Bab Dua Belas: Hasil Setelah Pertempuran
"Gluk... gluk..."
"Minum! Nikmat sekali!"
Di tepi perkemahan di pinggir sungai, seorang pria bertubuh besar dengan bahu lebar dan dada bidang menundukkan kepalanya ke dalam sungai kecil, meneguk air segar dengan penuh semangat sebelum mengangkat kepalanya dan tertawa lepas.
"Dulu kita tidak pernah merasa bahwa sumber air bisa begitu berharga."
Menjilat bibirnya yang kering dan pecah-pecah, Loka duduk bersila di samping Zhao Harimau.
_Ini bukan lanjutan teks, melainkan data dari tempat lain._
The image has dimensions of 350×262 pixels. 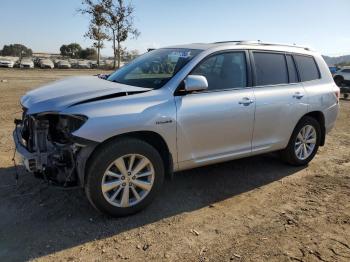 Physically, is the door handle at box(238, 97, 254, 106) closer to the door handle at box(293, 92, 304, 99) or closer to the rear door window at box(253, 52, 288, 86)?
the rear door window at box(253, 52, 288, 86)

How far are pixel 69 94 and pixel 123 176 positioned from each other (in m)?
1.03

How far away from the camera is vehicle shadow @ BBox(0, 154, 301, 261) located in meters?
3.64

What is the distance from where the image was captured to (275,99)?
5246 mm

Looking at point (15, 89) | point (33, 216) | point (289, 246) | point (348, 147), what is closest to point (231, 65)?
point (289, 246)

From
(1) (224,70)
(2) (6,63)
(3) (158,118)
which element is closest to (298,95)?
(1) (224,70)

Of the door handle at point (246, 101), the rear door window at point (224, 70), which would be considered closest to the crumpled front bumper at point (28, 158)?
the rear door window at point (224, 70)

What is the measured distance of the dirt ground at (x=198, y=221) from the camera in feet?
11.7

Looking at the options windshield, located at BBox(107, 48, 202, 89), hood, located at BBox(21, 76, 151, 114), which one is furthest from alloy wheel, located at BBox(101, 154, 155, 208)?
windshield, located at BBox(107, 48, 202, 89)

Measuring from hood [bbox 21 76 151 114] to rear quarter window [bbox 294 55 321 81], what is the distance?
108 inches

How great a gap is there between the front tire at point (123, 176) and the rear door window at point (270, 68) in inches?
77.5

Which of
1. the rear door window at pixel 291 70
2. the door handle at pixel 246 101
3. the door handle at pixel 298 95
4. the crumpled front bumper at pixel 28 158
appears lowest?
the crumpled front bumper at pixel 28 158

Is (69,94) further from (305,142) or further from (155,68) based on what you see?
(305,142)

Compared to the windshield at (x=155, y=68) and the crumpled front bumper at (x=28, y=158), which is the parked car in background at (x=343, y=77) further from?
the crumpled front bumper at (x=28, y=158)

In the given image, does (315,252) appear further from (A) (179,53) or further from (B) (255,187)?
(A) (179,53)
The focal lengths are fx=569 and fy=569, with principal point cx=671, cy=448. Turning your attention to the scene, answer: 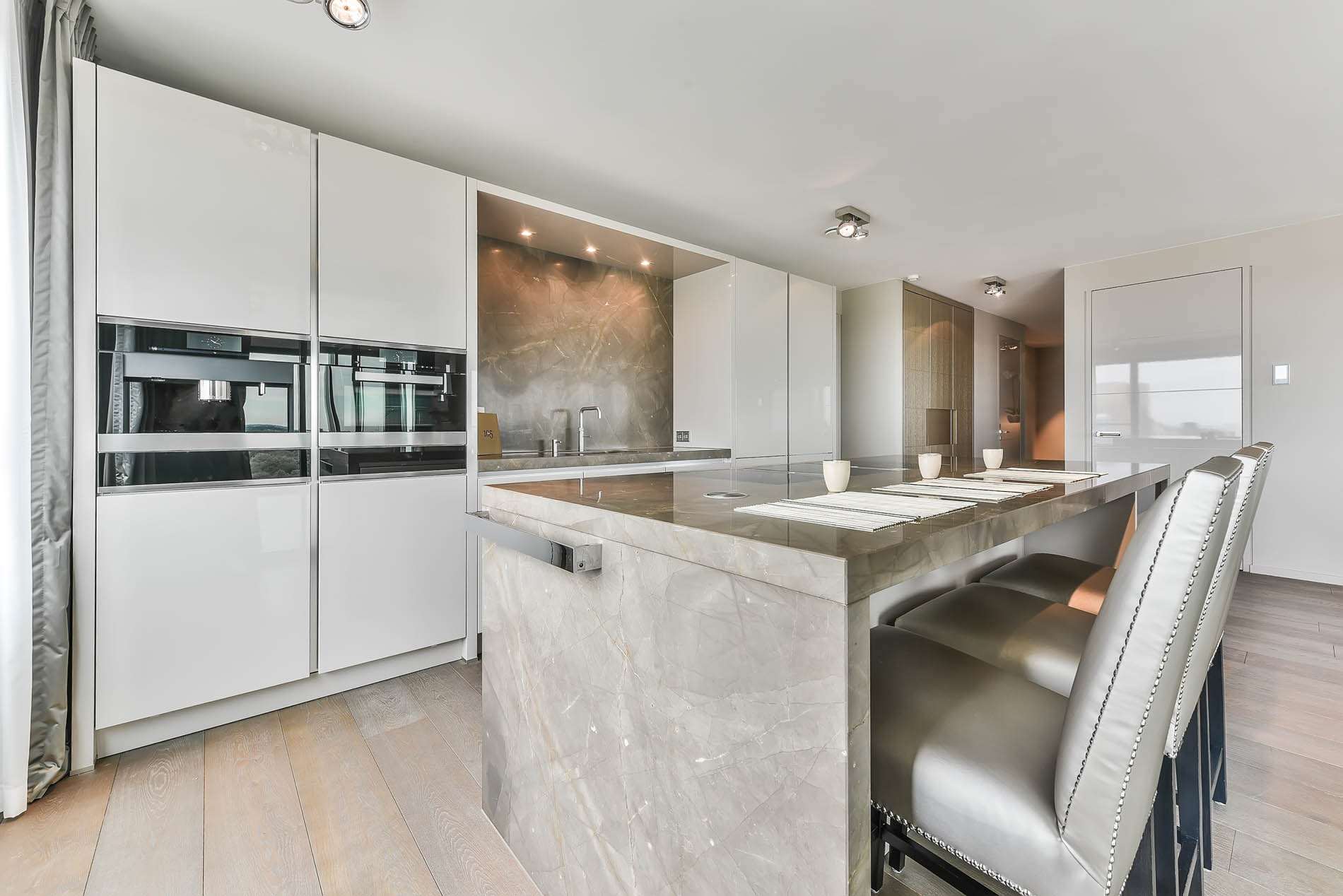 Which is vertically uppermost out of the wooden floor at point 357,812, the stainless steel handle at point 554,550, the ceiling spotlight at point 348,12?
the ceiling spotlight at point 348,12

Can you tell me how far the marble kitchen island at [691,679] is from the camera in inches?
25.1

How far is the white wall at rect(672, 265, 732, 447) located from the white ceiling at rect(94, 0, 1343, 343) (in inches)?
23.6

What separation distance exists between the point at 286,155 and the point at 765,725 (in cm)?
248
Melihat pria kekar itu berteriak penuh kepuasan, ia tersenyum tipis dan berkata,
"Dulu, saat berada di medan perang, aku pernah terjebak di sebuah kota kecil. Di saat-saat terakhir, makanan dan air hampir habis. Nyawaku benar-benar nyaris melayang."
"Hidup di dunia ini, jika ingin bertahan, makanan dan air memang tak bisa ditinggalkan!"
Saat Loka dan Zhao Harimau sedang beristirahat di tepi sungai, Lu Ming berada di dalam perkemahan baru yang baru saja direbut, memeriksa hasil penaklukannya kali ini.
Berhasil menaklukkan suku manusia ikan dan memasukkan wilayah itu ke dalam kekuasaan Zhuxia, Lu Ming tidak hanya mendapatkan sebuah kamp baru, tapi juga memperoleh sebuah inti monster tingkat satu dan sejumlah buku keterampilan bernafas di bawah air milik manusia ikan.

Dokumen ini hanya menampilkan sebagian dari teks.